Engineered Nanostructured Materials for Advanced Thermal Transport
Events | Mechanical Engineering
Engineered Nanostructured Materials for Advanced Thermal Transport
May 13, 2019
Speaker
Sheng Shen
Location
ESB 1001
Type
Seminar
In this talk, I will give three examples about utilizing specially engineered nanostructured materials to develop advanced thermal components. First, I will demonstrate a "super-solder" consisting of a heterogeneous copper-tin nanowire array that has polymer-like compliance with a shear modulus 2-3 orders of magnitude lower than traditional solders and can reduce thermal resistance by two times as compared with the state-of-the-art thermal interface materials. The super- solder also exhibits exceptional long-term reliability with >1,280 thermal cycles over a wide temperature range. Second, I will report an ultra-high-contrast and reversible nanoscale thermal switch based on the structural phase transition in crystalline polyethylene nanofibers, which enables a ~ 10X thermal switching ratio between the on-state (high) and the off-state (low) thermal conductance values. To the best of our knowledge, the observed high switching ratio exceeds by far any reported experimental values for solid-solid phase transition, solid-liquid phase transition and desiccation- hydration of materials. By fabricating a heterogeneous “irradiated-crystalline nanofiber junction” using an electron beam, we also demonstrated a high-performance solid-state nanoscale thermal diode with a rectification factor as high as ~ 54 %, which exceeds any existing solid-state nanoscale thermal diodes. Finally, I will present a general theoretical framework for designing prefect thermal infrared emitters at the nanoscale, which can have a superior emission power several orders of magnitude larger than blackbody radiation compared to their surface areas. By using these nanoscale thermal emitters as fundamental building blocks, we experimentally demonstrate a new type of macroscopic perfect and tunable thermal emitters. The novel perfect thermal emitters have important practical impacts in a variety of technologies, e.g., heat assisted magnetic recording, radiative cooling, thermal infrared imaging, and thermophotovoltaic energy conversion.
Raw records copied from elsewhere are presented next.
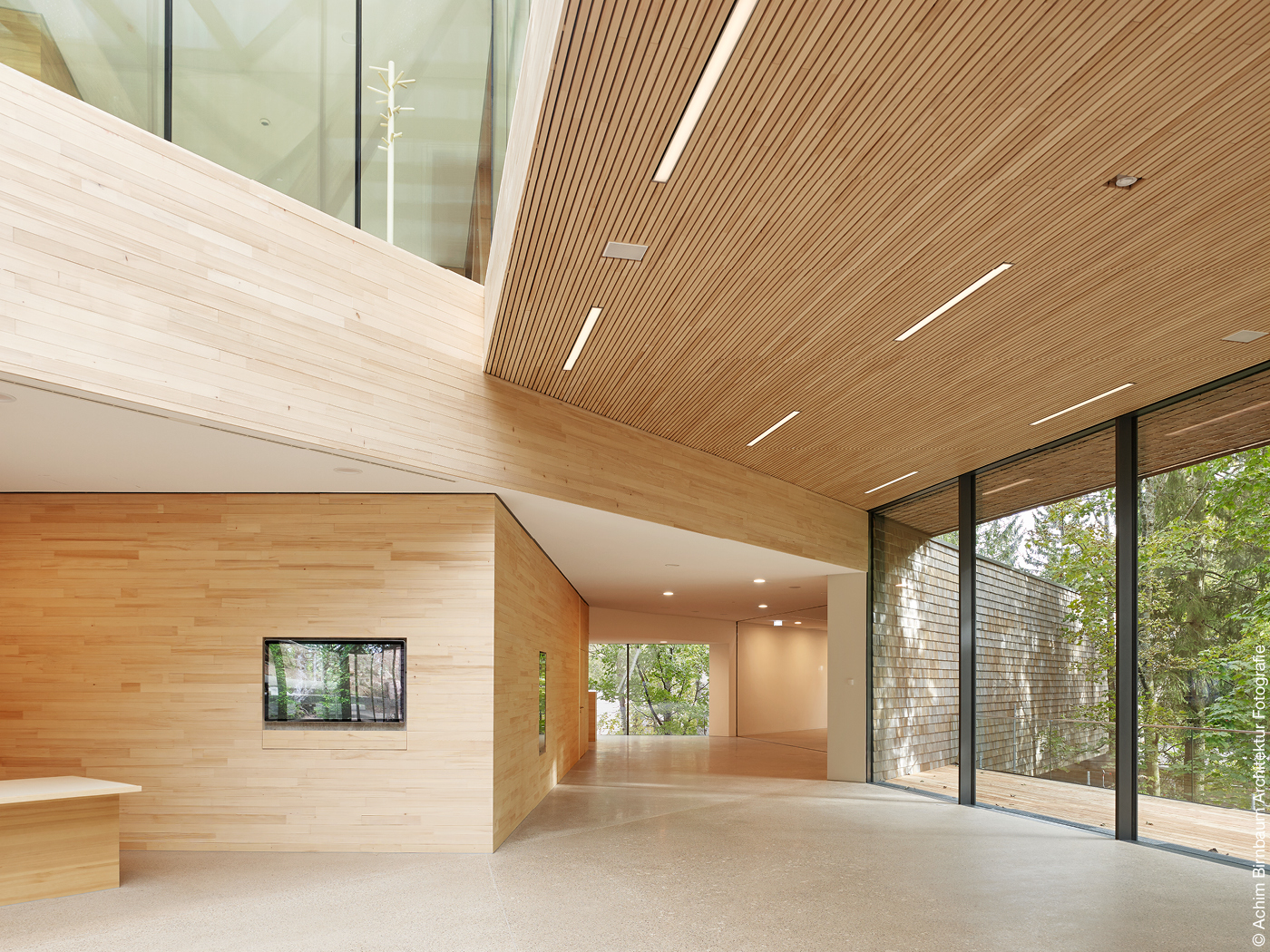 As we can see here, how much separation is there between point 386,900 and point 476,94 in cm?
673

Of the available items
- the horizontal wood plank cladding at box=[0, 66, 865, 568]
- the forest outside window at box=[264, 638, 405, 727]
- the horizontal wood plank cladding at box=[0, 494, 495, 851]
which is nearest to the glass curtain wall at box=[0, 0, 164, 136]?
the horizontal wood plank cladding at box=[0, 66, 865, 568]

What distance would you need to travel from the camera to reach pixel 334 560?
7871 mm

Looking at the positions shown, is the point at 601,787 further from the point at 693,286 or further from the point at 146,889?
the point at 693,286

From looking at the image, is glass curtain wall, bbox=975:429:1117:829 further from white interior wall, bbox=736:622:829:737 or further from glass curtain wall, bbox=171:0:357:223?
white interior wall, bbox=736:622:829:737

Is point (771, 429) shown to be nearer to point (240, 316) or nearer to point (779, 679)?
point (240, 316)

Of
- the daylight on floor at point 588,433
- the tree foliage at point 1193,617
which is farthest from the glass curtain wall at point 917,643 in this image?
the tree foliage at point 1193,617

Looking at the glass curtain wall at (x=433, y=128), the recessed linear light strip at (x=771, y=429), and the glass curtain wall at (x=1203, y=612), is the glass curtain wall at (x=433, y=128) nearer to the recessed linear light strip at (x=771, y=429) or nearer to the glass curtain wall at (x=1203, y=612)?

Sheng Shen is currently Associate Professor at the Mechanical Engineering Department of Carnegie Mellon University (CMU). He received his PhD degree from the Mechanical Engineering Department, MIT, in 2010. Prior to joining CMU in 2011, he conducted his postdoctoral research at UC-Berkeley. His research interests include nanoscale heat transfer and energy conversion, nanophotonics, and their applications in energy conversion, thermal management, sensing, and multifunctional materials. Professor Shen is a recipient of NSF CAREER Award, DARPA Director's Fellowship, DARPA Young Faculty Award, and Elsevier/JQSRT Raymond Viskanta Award for Spectroscopy and Radiative Transfer. He also received the CMU Dean's Early Career Fellowship, the Philomathia Foundation Research Fellowship in Alternative Energy Research from UC-Berkeley, a Hewlett-Packard Best Paper Award from ASME Heat Transfer Division, and a Best Paper Award in Julius Springer Forum on Applied Physics.